O coração é um tsunami de “sim” e “não”

O coração é um tsunami de “sim” e “não”

Você assiste a um jornal na televisão e, lá pela sexta notícia, percebe que até então nada de bom e feliz foi falado. De repente, um terremoto invade seu coração, bagunçando o alicerce da sua certeza. O mesmo sentimento levantou um turbilhão de angústia quando seu olhar foi arrastado pelo tornado impiedoso que levou casas, árvores e vidas. Você se sentiu desmoronar ao assistir aquelas pessoas perderem seus risos e a esperança.

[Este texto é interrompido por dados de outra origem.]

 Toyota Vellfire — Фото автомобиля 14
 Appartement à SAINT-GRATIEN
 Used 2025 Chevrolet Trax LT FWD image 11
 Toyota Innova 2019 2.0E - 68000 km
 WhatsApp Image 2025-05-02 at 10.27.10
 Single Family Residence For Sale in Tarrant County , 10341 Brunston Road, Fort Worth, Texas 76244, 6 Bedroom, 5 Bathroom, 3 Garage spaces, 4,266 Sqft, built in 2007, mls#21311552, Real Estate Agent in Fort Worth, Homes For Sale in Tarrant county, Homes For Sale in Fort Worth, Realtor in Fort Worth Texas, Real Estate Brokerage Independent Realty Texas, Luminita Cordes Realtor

Estamos rodeados por notícias violentas em todas as partes do mundo. Pessoas morrem queimadas e crianças são enterradas vivas. Como entender o que não há explicação? Nessas horas, ficamos paralisados. Sentimo-nos sozinhos, mesmo não sendo sós. Olhamos o horizonte e faltam palavras. Não há luz, nem cores, nem nada.

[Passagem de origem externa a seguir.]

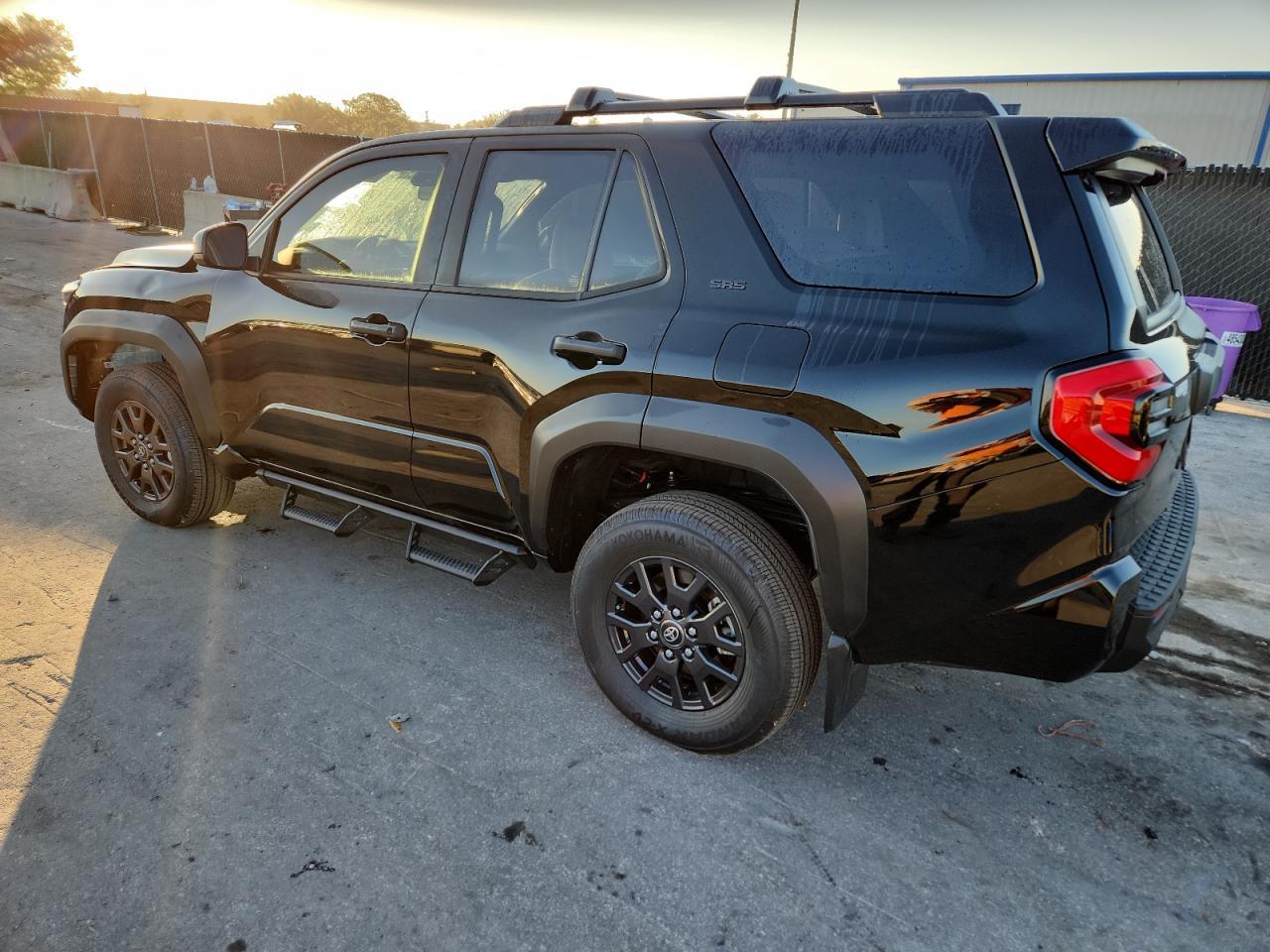 2025 Toyota 4Runner Sr5 - Фото 2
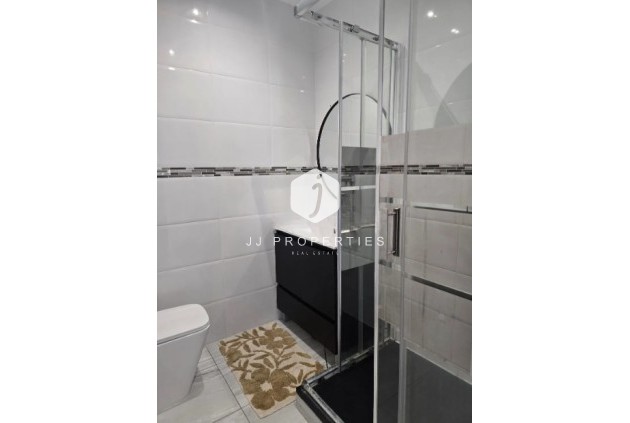 Segunda mano - Villa -
Rojales - Inland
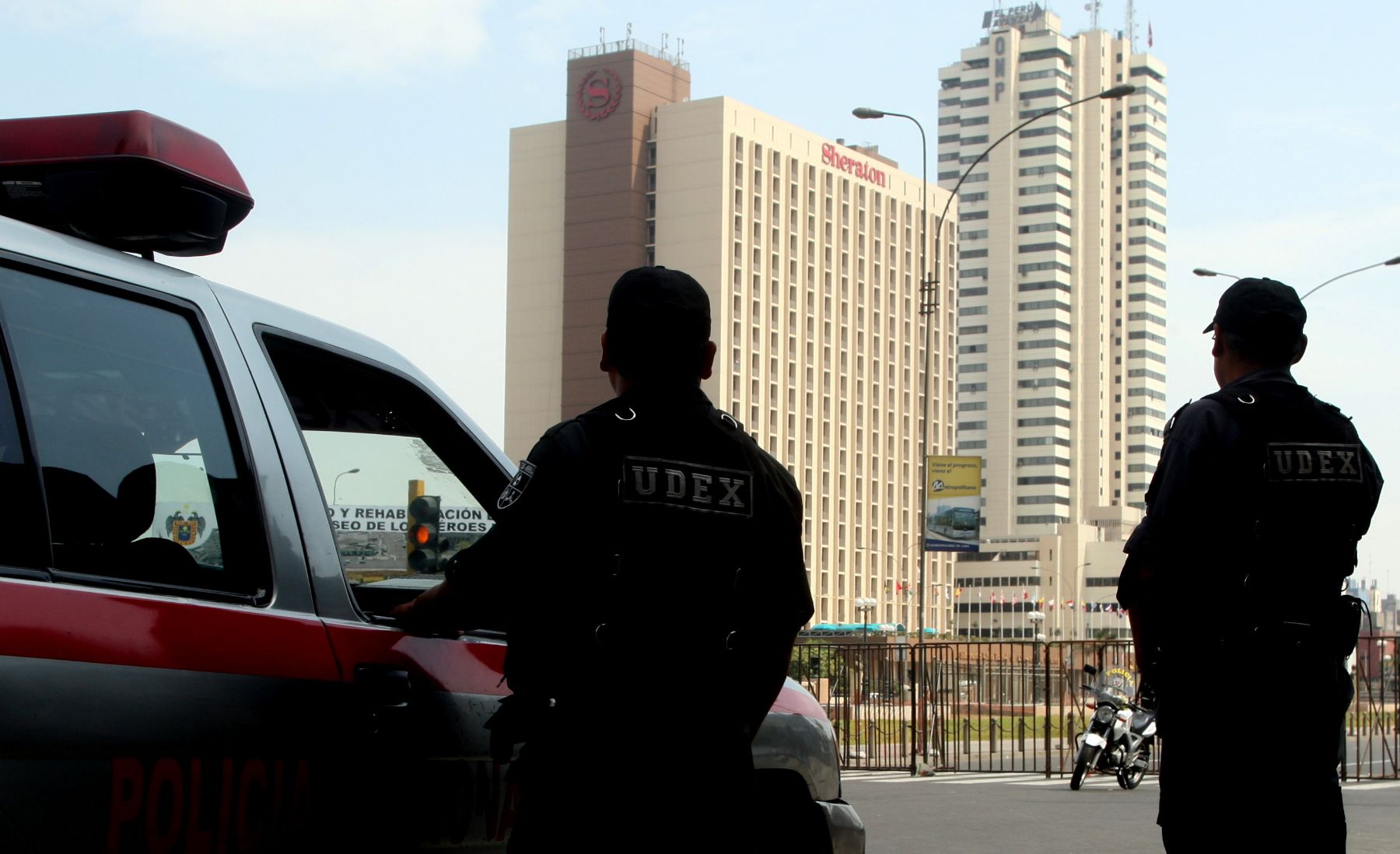 Cierran acceso vehicular y peatonal frente al hotel Sheraton por debate presidencial.
Foto:ANDINA/Héctor Vinces.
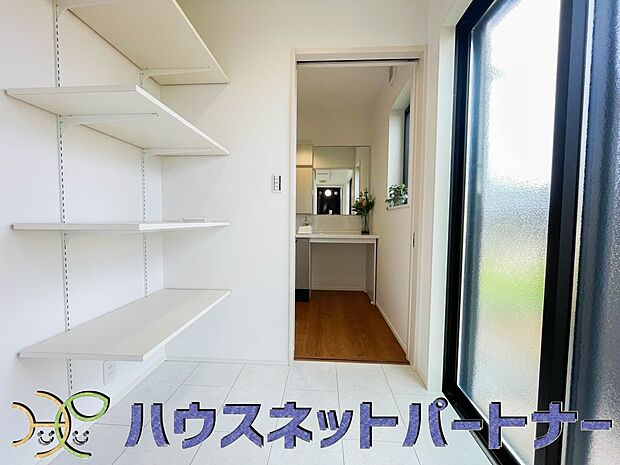 【洗面台・洗面所】リネン庫。かさばるタオル類も、すっきりしまって使いやすく。収納物の量に合わせて、可動棚を調整できます。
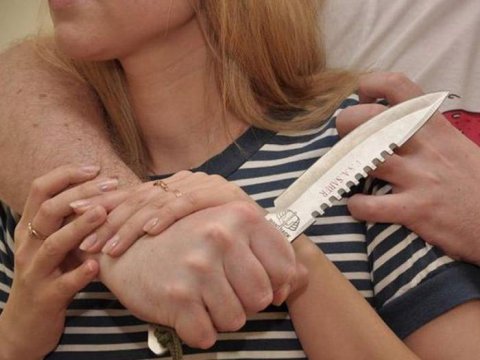 Bakıda oğul anasını bıçaqladı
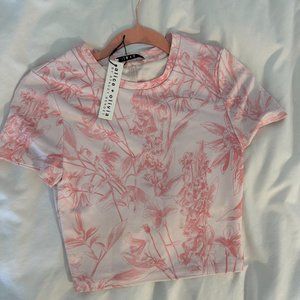 Alice + Olivia Cindy Floral Cropped Top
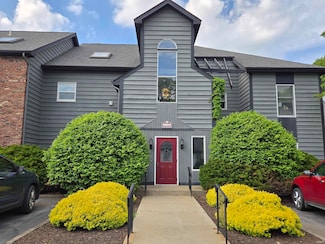 1300 Winding Ridge Ln Unit 8, Valparaiso, IN 46383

Nada é certo nesta vida, não é mesmo? Dormimos e acordamos, trabalhamos e sonhamos, amamos e sofremos. Vivemos em função de rotinas feitas, mas temos poucas certezas. Um dia, sem mais nem menos, chega o vendaval da morte e nos leva tudo.

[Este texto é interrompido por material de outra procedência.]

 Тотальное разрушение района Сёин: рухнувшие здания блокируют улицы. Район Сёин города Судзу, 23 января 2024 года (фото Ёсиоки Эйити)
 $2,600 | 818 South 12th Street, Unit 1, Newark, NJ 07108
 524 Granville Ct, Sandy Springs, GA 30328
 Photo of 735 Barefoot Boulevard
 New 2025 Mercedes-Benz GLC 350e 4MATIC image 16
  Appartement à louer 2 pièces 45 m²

Como querer viver depois de perder mais de metade da família? Fora as catástrofes naturais, como lidar com o terrorismo, as guerras e a ganância? E, ainda, como lidar com nossas mortes diárias? Como ser feliz sendo espectador do horror? Parece impossível brotar uma flor em solo de pedras amarguradas.

Desliguemos um pouco a televisão e vamos pensar. Por um momento, parece que nada temos a dizer. É como a folha em branco nos desafiando a escrever. O mundo emudece na loucura das coisas como elas são. Tantas pessoas vivendo como inimigas. Tanta morte sem tempo do perdão. Pouca sorte para quem nada temia.

Eu penso em você. Você pensa em mim. Choramos por nós. Nesse devaneio, percebemos a contradição: “Só a guerra faz nosso amor em paz”. Somos uma mistura de medo e fé. Amor e ódio. Culpa e perdão. Somos dia e sol, noite e lua. O possível e o provável. O coração é um tsunami de “sim” e “não”.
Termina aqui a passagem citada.